How do you motivate your staff when you can't afford to give them a raise? Use a different kind of currency. Contrary to popular belief, money is not the best motivator because it sends the message that nothing is worth doing unless you get paid extra. This can develop a sense of entitlement that quickly becomes a bottomless pit and does nothing to increase job satisfaction.
A 2005 study by psychologist Adam Grant of the University of Michigan suggests that a better performance booster is when workers have personal contact with beneficiaries of their work.
For example, cafeteria line workers are significantly happier than those who work back in the kitchen, because line workers are able to see the happy customers. An employee's morale is positively influenced by knowing his or her work is meaningful.
Employees want to be recognized as individuals, shown appreciation, and be given opportunities to grow. This requires bosses to manage one-on-one rather than treating every employee alike. Here are some low-cost ideas for motivating your staff that can have a big return on investment.
- Encourage comments from external and internal customers. Post praise.
- Remind staff how their work matters to customers and encourage some level of customer interaction for everyone.
- Call an employee into your office just to say thank you without discussing any other issue.
- Write a thank you card or e-mail.
- Send a card to the employee's spouse/family thanking them for their support.
- Create an employee newsletter to share updates and recognition.
- Post a bulletin board for employees to share news, hobbies, and recognition.
- Celebrate birthdays, anniversaries, and special achievements.
- Reserve the best parking spot for an employee-of-the-month. Let staff decide how the spot is earned.
- Add a note to an employee's paycheck highlighting something great he/she did that week.
- Join in and help an employee who is under pressure. Ask what can be done and help complete the task side-by-side.
- Create a change of pace by giving employees a chance to work on exciting projects or learn new skills.
- Delegate worthy projects, not just menial tasks, to increase feelings of trust and pride.
- Create light-hearted awards that recognize something unique about each person like, "Best Screen-Saver," or "Best Joke Teller," and present them at a potluck lunch.
- Pass on helpful articles that could benefit employees and attach a note that says, "Saw this and thought of you."

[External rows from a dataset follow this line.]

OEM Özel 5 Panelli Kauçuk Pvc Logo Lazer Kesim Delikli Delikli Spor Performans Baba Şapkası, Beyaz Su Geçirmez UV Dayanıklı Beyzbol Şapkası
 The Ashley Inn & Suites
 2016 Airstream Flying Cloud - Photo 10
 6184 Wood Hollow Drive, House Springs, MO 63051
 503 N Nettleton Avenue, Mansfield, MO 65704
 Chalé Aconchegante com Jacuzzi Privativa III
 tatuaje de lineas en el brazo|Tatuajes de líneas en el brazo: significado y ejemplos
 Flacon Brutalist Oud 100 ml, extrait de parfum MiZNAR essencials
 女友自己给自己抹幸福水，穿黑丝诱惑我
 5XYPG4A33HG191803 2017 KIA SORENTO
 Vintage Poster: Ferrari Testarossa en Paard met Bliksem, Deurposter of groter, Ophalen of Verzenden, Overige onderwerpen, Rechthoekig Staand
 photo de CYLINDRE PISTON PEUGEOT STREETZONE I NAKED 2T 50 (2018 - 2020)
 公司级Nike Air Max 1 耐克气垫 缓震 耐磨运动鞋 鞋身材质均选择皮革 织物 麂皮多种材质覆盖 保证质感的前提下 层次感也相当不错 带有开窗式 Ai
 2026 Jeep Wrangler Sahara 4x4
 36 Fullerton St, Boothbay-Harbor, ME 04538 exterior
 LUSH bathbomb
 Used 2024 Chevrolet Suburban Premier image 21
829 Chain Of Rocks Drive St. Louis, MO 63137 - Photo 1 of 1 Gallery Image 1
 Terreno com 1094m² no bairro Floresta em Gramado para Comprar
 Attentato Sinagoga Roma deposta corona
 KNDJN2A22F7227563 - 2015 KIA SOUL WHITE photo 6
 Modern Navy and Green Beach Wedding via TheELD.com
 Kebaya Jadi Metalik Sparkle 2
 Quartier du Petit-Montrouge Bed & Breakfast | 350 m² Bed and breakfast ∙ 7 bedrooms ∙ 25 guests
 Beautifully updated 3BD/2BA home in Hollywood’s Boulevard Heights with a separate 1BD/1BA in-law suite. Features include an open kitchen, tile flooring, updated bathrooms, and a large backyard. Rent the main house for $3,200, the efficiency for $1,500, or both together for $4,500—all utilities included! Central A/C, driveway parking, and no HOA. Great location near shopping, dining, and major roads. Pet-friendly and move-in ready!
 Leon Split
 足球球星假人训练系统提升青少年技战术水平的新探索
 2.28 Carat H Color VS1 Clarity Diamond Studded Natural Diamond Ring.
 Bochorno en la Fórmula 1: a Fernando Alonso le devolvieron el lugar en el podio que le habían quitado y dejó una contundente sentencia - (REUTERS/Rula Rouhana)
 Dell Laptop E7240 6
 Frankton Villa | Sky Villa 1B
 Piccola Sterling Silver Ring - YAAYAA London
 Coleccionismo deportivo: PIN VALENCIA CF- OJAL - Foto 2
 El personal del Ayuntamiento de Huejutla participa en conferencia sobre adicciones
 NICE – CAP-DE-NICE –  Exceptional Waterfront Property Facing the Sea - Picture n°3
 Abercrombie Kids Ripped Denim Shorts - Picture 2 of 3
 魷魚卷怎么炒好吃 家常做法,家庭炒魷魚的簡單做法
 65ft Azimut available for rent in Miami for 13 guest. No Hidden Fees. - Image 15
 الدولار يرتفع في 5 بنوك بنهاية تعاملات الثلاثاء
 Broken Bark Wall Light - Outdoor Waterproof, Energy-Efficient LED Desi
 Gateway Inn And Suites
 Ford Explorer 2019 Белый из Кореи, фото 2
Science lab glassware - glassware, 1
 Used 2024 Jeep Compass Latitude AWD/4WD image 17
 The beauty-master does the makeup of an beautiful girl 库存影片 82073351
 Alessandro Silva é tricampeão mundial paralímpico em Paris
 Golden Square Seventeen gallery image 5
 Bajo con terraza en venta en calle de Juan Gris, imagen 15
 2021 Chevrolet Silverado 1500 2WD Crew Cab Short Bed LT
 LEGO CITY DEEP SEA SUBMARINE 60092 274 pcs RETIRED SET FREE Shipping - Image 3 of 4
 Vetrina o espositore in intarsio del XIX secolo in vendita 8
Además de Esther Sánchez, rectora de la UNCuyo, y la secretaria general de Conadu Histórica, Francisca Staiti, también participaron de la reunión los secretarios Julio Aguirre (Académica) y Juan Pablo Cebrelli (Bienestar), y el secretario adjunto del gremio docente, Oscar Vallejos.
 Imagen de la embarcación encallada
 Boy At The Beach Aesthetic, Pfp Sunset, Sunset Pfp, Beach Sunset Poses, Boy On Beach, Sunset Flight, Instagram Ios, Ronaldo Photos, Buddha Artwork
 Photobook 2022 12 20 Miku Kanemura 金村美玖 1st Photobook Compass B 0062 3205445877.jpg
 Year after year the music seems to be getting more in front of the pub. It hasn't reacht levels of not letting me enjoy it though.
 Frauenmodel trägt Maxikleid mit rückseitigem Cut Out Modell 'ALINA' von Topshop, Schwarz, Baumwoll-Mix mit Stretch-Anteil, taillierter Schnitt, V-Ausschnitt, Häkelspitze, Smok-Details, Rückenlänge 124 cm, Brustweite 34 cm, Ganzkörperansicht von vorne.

- Learn about their hobbies, families, children, pets, etc. showing interest in what matters most to them.
- Ask an employee who is proficient in a certain area to train others, or make a presentation at a staff meeting.
- Book a community speaker to speak on subjects of interest to employees like personal finance, stress management, or improving relationships.
- Help build skills with a training library filled with books, tapes, and other resources that employees can check out.
- Allow employees to attend seminars and ask them to make a presentation to others sharing what they learned.